# REQUIRED ACTION
From the material below, reproduce exactly the stretch of lines that begins with the line holding "safe on mom's back (3)" and ends with the line holding "ausreiten im pinienwald", skipping the pictures.

Top of MATERIAL TO PROCESS

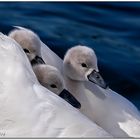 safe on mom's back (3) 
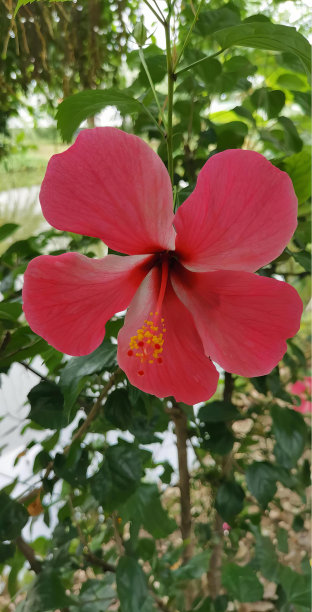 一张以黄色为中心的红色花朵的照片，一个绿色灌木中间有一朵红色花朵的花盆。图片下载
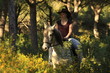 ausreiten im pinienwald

Bottom of MATERIAL TO PROCESS
Top of MATERIAL TO PROCESS

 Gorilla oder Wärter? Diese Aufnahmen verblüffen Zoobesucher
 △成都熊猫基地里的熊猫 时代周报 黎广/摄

Bottom of MATERIAL TO PROCESS
Top of MATERIAL TO PROCESS

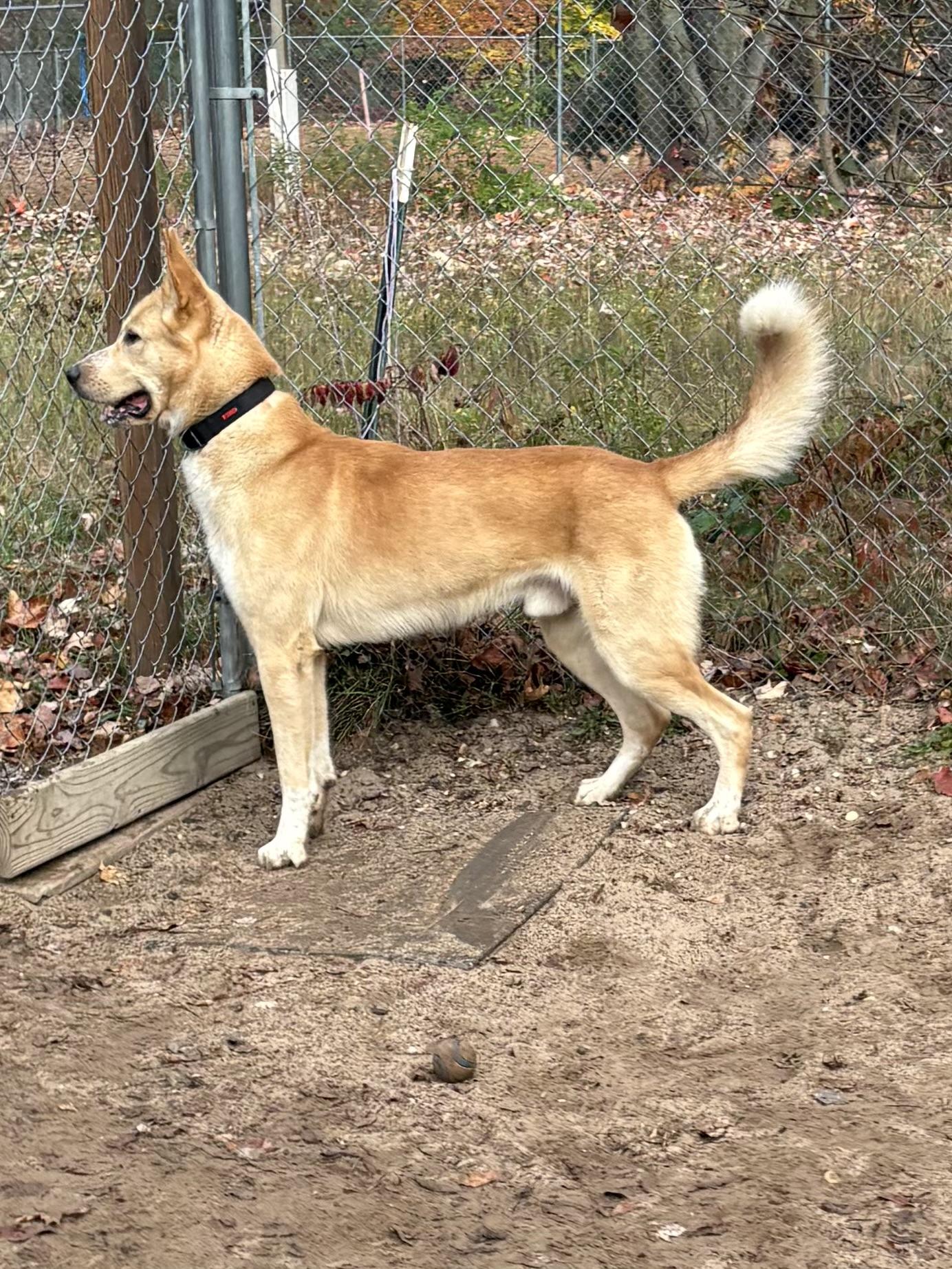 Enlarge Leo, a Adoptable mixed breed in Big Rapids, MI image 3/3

Bottom of MATERIAL TO PROCESS

# ANSWER TO THIS TASK
 safe on mom's back (3) 
 一张以黄色为中心的红色花朵的照片，一个绿色灌木中间有一朵红色花朵的花盆。图片下载
 ausreiten im pinienwald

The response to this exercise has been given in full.